Posted on July 28, 2025July 28, 2025 By Admin No Comments on Cross River’s 76 Oil Wells & The “Abiku” Paradox

In Yoruba mythology, Abiku is the tragic spirit-child—born only to die, again and again, returning with cruel persistence to the wombs of grieving mothers. It is a child whose fate is not to live but to haunt, to mock hope with a cycle of futile rebirths. The saga of Cross River’s 76 oil wells—snatched, ceded, sealed by the Supreme Court—is no less an Abiku tale: a gift promised at birth, violently taken, and yet perpetually returning to torment its rightful owner. It is the paradox of possession denied but never forgotten, of heritage stripped yet never truly lost.

The Supreme Court’s 2012 pronouncement that Cross River is no longer a littoral state—thus unqualified to own offshore oil wells—is the juridical death from which this Abiku refuses to rest. For while the ruling may wear the ceremonial garb of finality, the reality on ground howls in contradiction. The Eastern Naval Command is headquartered in Calabar, a coastal sentinel conducting maritime operations for Nigeria’s eastern seaboard. The Nigerian Ports Authority operates from Cross River’s harbours. And only recently, the Federal Government revived its commitment to the Bakassi Deep Seaport—an ocean-bound project poised to redefine Nigeria’s maritime trade. How then, in the face of such elemental facts, can any sane tribunal of law pronounce Cross River “landlocked”? It is a legal fiction so warped it would make even the Abiku weep.

This is the heart of the paradox: a state dismissed as maritime-null continues to act—and be treated—as a maritime player. Its estuary remains, its seafarers remain, its economic blueprint remains defiantly anchored to the sea. Yet its constitutional identity has been warped by a judgment so blind, so cartographically dishonest, that it stares geography in the face and calls it a lie. One wonders: if the Supreme Court could so thoroughly disinherit a coastal state by judicial fiat, what next? Shall we awaken tomorrow to find that the state governor, Senator Bassey Edet Otu has been declared a woman by judgment in rem—and we must all nod, in robe-bound obedience?

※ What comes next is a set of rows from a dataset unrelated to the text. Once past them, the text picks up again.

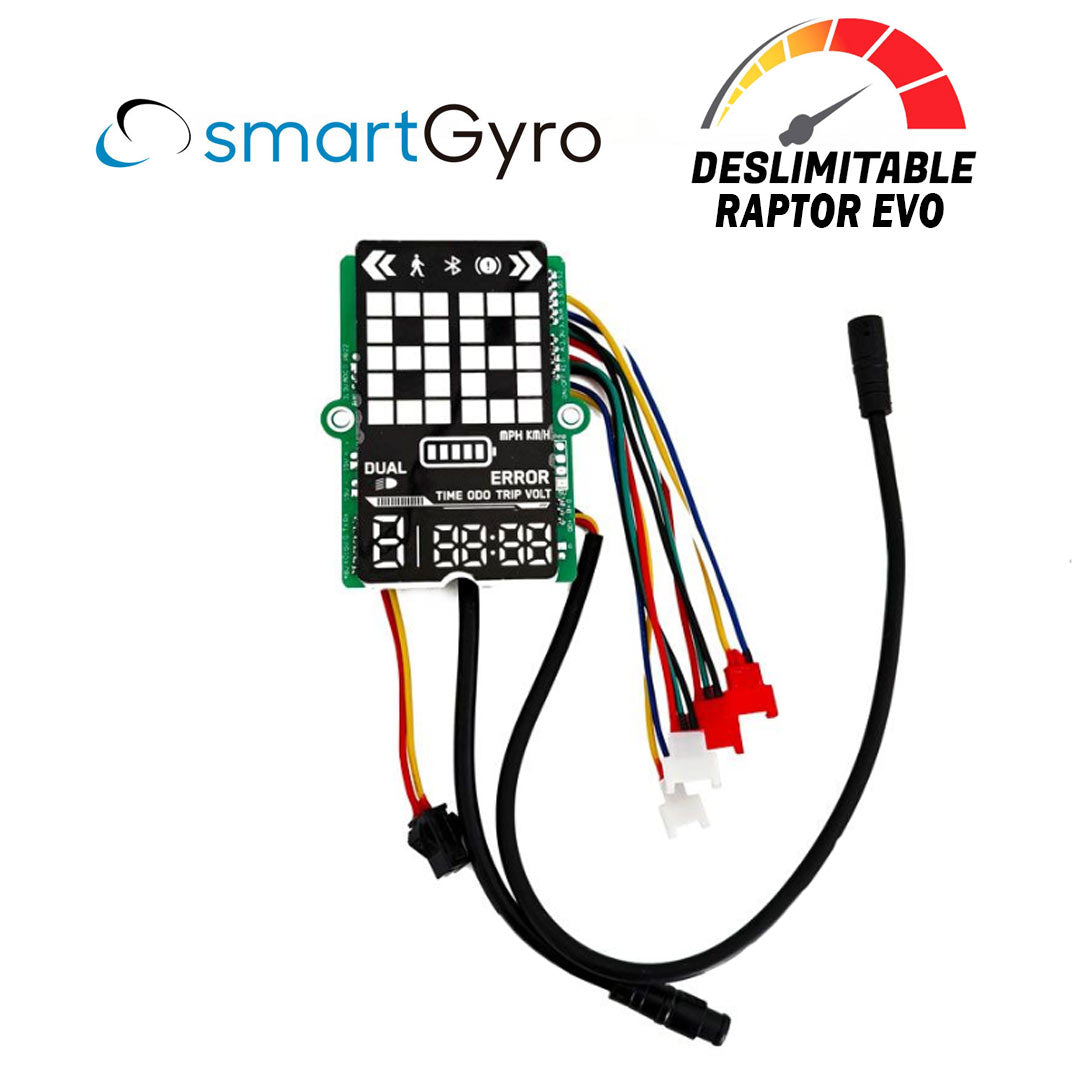 Pantalla Deslimitar Trucar Smartgyro Raptor Evo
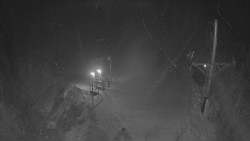 Kamera u nástupu na vlek svah A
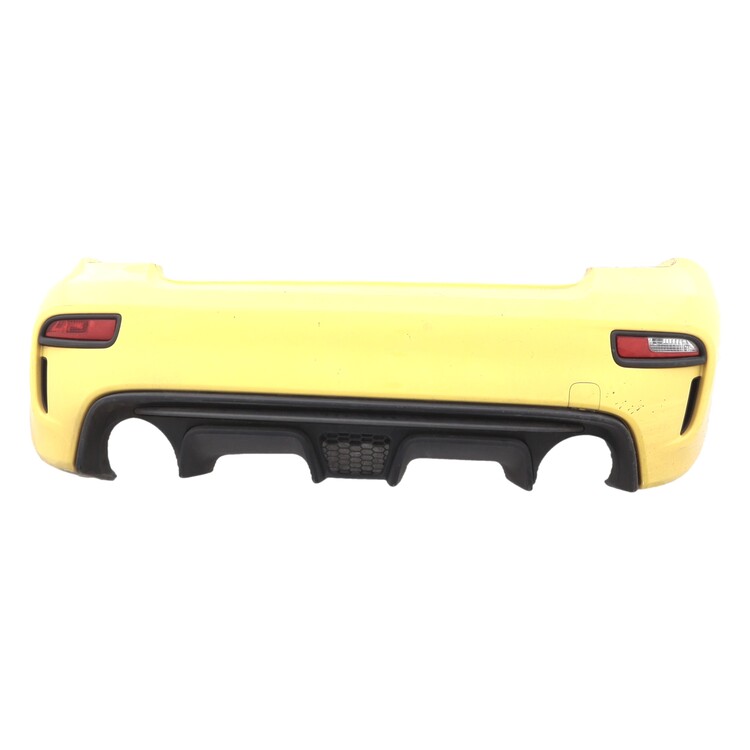 Rear bumper used - Fiat 500 ABARTH - 50290193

The institutions complicit in this grand larceny and distortion, most notably the National Boundary Commission and RMAFC—must not escape indictment. They did not just err; they conspired with silence, failed in diligence, and became accomplices to a heist wrapped in bureaucracy. These bodies, whose sacred duty it was to draw truth on maps and distribute justice in figures, instead opted for expedience. They gifted Akwa Ibom a windfall birthed not by nature or merit, but by the bleeding misfortune of a neighbor forced to relinquish Bakassi under international mandate.

Akwa Ibom’s gloating response, as recently aired on national television, would have one believe that justice has been served, that the Supreme Court’s ruling is unassailable, and that any further conversation is a nuisance. Elder Aniekan Umanah, the state’s Commissioner for Information, insisted the matter is “sealed,” “settled,” and “not even up for discussion.” But what is this, if not the arrogance of the beneficiary at a rigged auction? What is this “finality” that closes the door to truth, that slams shut the window on political solution? Justice, it seems, is only just when it favours them.

Let it be said plainly: no ruling, however binding, is immune to moral interrogation. History is replete with court decisions later denounced as miscarriages—Plessy v. Ferguson, Dred Scott, even Nigeria’s own internal legal missteps. A sealed judgment is not a sacred one. And where law enshrines injustice, silence becomes complicity.

And so Cross River’s oil wells live on—not in possession, but in painful recollection. They are the Abiku children of a mother betrayed: lost once by diplomacy, again by the gavel, and ever since by the silence of a nation too timid to confront the absurdity enshrined in its jurisprudence. Let Akwa Ibom boast. Let it dress its triumphs in the language of legality. But let no one call this justice. It is a theft sanctified. A judgment embalmed. A truth buried, but not dead. Like the Abiku, it will return.

Obogo is Chief Press Secretary and Special Adviser to Governor Bassey Edet Otu on Media and Publicity.